“A Claimant who sustains a compensable injury is entitled to a one-time change in treating physician as an absolute right if a written request is made during the course of treatment.” Zekanovic v. Am. II, Corp., 208 So.3d 851, 852 (Fla. 1st DCA 2017) citing the one-time change in physician provision per Florida Statute Section 440.13(2)(f).

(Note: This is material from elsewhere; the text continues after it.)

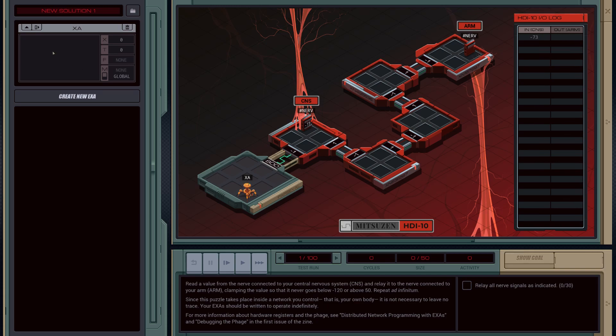So let's go ahead and get started. To start with, let's move our first EXA to the very end — link one, link one, link one, link one. So this will take the EXA there, there, there, there. So it's at the arm nerve.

In a recent case, Myers v. Pasco County Sch. Bd., 2018 Fla. App. LEXIS 7729 (Fla. 1st DCA June 4, 2018,) the Florida 1st DCA addressed the Claimant’s appeal from a summary final order of the Judge of Compensation Claims denying her request for a one-time change in physician. In the underlying case, Ms. Myers had requested a one-time change from her orthopedic surgeon. The employer/carrier authorized a neurosurgeon pursuant to Ms. Myers' request. As the Claimant had a compensable back problem and both orthopedists and neurosurgeons treated back injuries, the Judge of Compensation Claims found that the employer/carrier had complied with the statutory requirement in timely providing a one-time change in physician. The Claimant appealed same.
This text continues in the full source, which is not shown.